Krajnak’s piece, where she took pages from Ansel Adams educational book and placed her own photography over his while also redacting much of the words in his text to replace them with her own meaning, was inspired by the mainstream photographer who she claims is a master of photography.

“He kind of transcends in a way. Even though he’s a very well-known modernist master, he’s also one of these very popular photographers who is embraced by all kinds of people,” Krajnak said. “I was thinking about these ideas of the modernist master and what that means.”

Her project is still ongoing, and she considers it to be fairly blunt and conceptual.

Everything is meant to be easily understood and accessible, similar to how accessible Adams’ photography is.

“Encountering the archive as a woman of color thinking ‘No I’m going to erase these technical terms’ and what’s left emerges my emotional reactions to his (Adams’) work and the more subjective experience,” Krajnak said.

German, typically a sculpture artist, uses her work as a way to save her own life and make sure that she is okay.

Her piece in the gallery represents the Black Madonna, where she painted four different versions of the goddess on white dinner plates.

She also created a 2D image using multiple mediums like sea shells, spoons, and multi-patterned fabric to form a woman.

“Inside of this work I’m trying to do several things: I’m trying to save my own life, I am, as an artist, pushing past a place of resistance, and I am listening to these places of spark,” German said.

Her artwork is full of symbolism, such as keys to symbolize both external and internal forgiveness, or mirrors used to bring the viewer into her work.

She pulls these symbols from her own archive of which she calls the technology of her soul, which is an emotional, intuitive place of creating out of intuition, history, and new information, said German.

“I am a part of this work. My story is inside of this work, it is for me.
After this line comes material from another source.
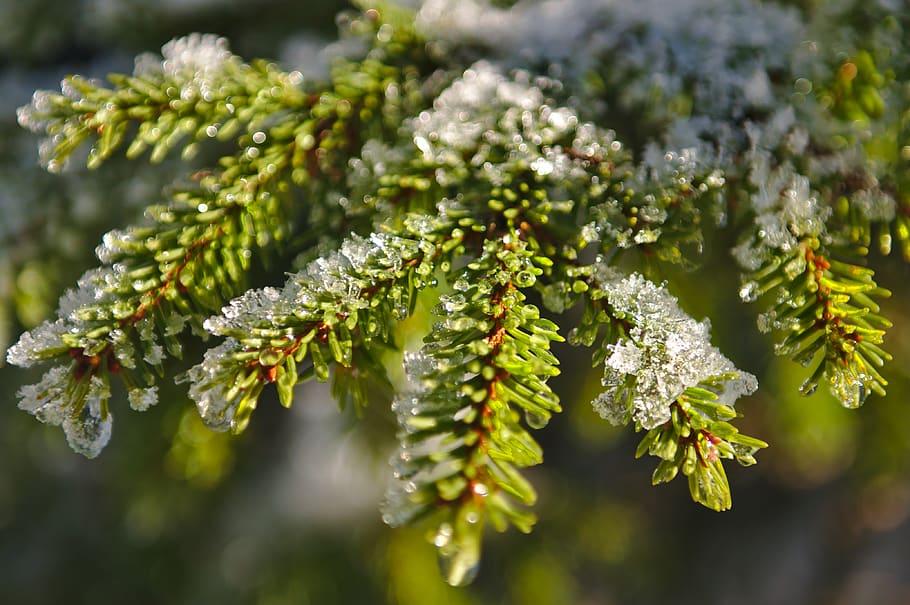tree, fir, snow, ice, light, plant, growth, close-up, beauty in nature HD wallpaper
It is doing something real for me,” German said.

Aside from the archives within herself, she also collects many objects that she feels call to her.

The objects can be hundreds of spoons, boxes of old tea sets, or even a shopping cart full of AK-47 handles.

“I’m looking for material that speaks to this language, to the technology of my soul,” German said.

Woods’ work has an interest in movement and collaging, of which she pulls her inspiration from anything that sparks her interest.

She has a five-minute long film on display in the gallery titled “We Was Just Talking.”

“A lot of what I source is just likings that intrigue me, that I’m drawn to, that I question, that I’m fascinated by, that are disturbing to me,” said Woods. “I kind of approached video in that way too, collaging disparate things that I think form interesting relationships.”

The “Biomythography: Reflexive Remix” exhibit is on display through April 26.